As you know from personal experience, clubfoot is an unmistakable deformity present at birth. The foot is twisted (turned under and towards the other foot). The medical terminology for this position is equinus and varus.
Equinus means that the toes are pointed down and the ankle flexed forward (like the position of the foot when a ballet dancer is on her toes). Varus means tilted inward. The ankle is in varus when you try to put the soles of your feet together.
The medical term for clubfoot is Congenital Talipes Equinovarus. Congenital means that the condition is present at birth and occurred during fetal development. Clubfoot mainly affects three bones of the foot: the calcaneus (heel bone), talus (just above the heel bone), and navicular (bone next to the talus).
The standard treatment for a clubfoot deformity in infants and young children is the procedure you are probably most familiar with: the Ponseti Method. Developed by an Italian physician, the Ponseti Method involves manipulating (moving) the bones of the foot and ankle toward a neutral position of alignment. The bones are then held in place by a cast.
Each week the cast is removed, the bones are moved again as close to normal as possible and another cast wrapped around the leg to hold everything in place. This weekly treatment continues for about five to six weeks (or until maximum correction possible is achieved).
The reason this approach works is that manipulation stretches the still very flexible joint capsule ligaments, tendons, and muscles in infants and young children. The Ponseti method also corrects the abnormal relationships of the bones in the foot. By aligning the bones where they belong, this treatment even has the potential to reshape the bones so that they fit together as they should.
A corrective brace is worn after the Ponseti treatment is completed. Many studies over the years have shown that just wearing the brace is not enough to correct the abnormal ankle and foot alignment. Combining manipulation with immobilization followed by corrective bracing has the best results overall.
Relapse can occur and we know that relapses don’t recover on their own without intervention. Currently, poor compliance with abduction bracing is the only known risk factor. Changes in the brace angle and wearing schedule have already been implemented, which may account for the decline in relapse rates from even 10 years ago.

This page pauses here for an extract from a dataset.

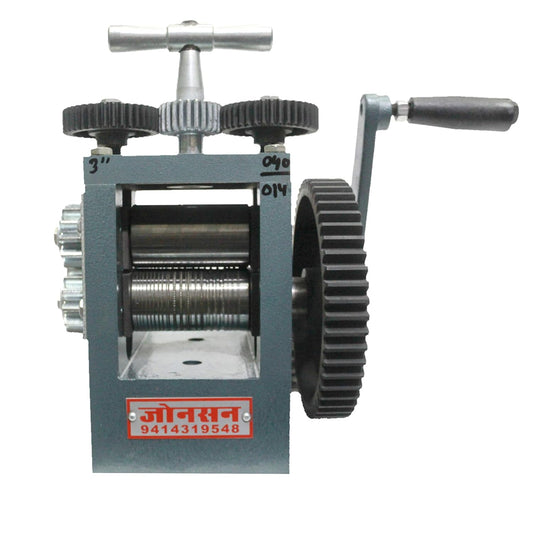 Johnson Tools 3" Marwari and Rajwari Lining Design Rolling Mill Machine For Gold and Silver Wire Designing Works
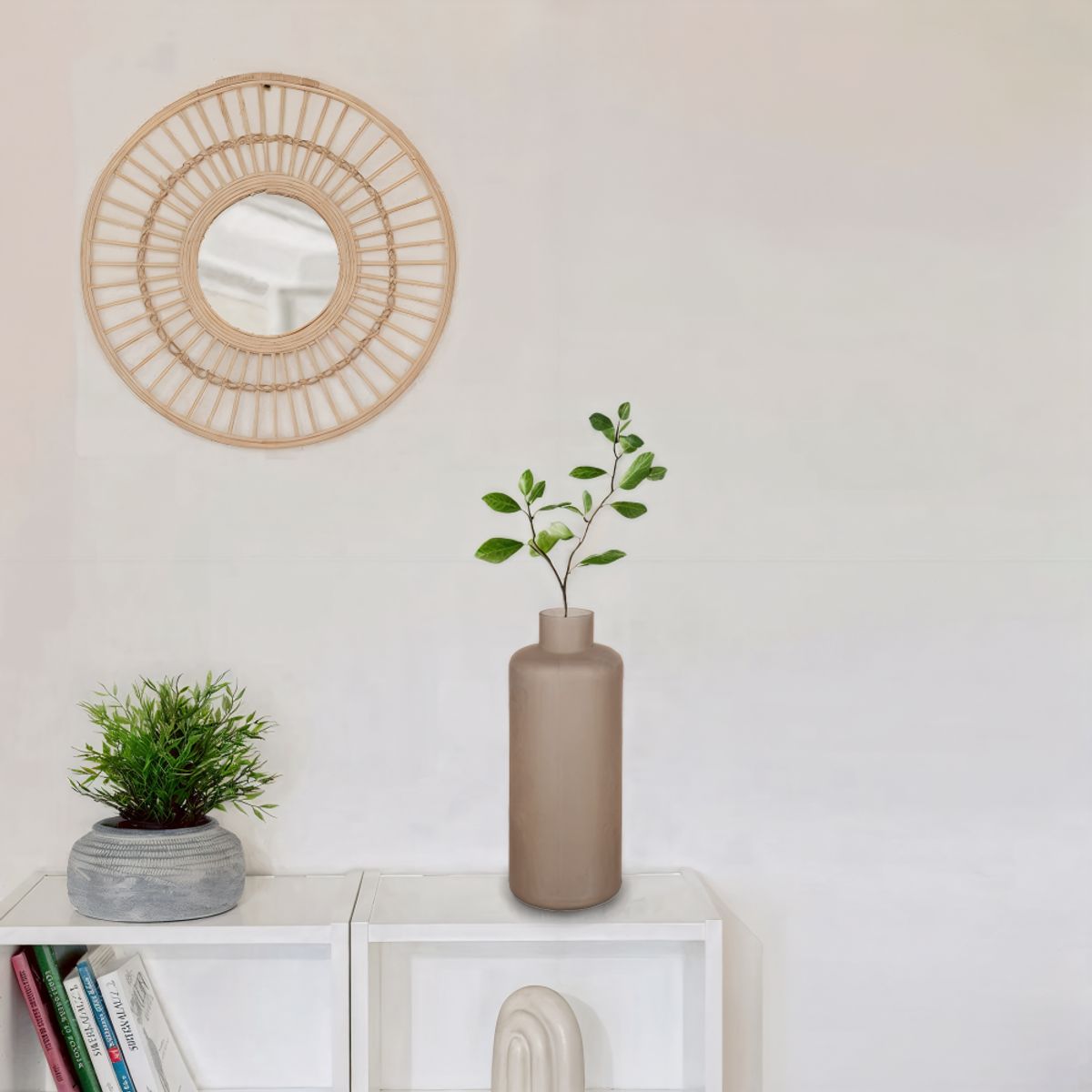 EGLO - Adorno jarrón de vidrio NABAS satinado Marrón 38×15cm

Treatment for late-relapses varies and can range from 1) observation only to 2) bracing, or 3) casting followed by bracing, 4) casting to prepare the feet for surgery followed by surgery then bracing, and 5) surgery. Most of the children (no matter how they were treated for the relapse) ended up having surgery to correct the deformity. The most common surgical procedure is a tendon transfer called TATT for tibialis anterior tendon transfer.
Research is needed to determine the best treatment for late relapses and to identify risk factors for relapse. Each case may require a slightly different approach depending on the age of the child, the type of initial treatment, and current symptoms/clinical presentation.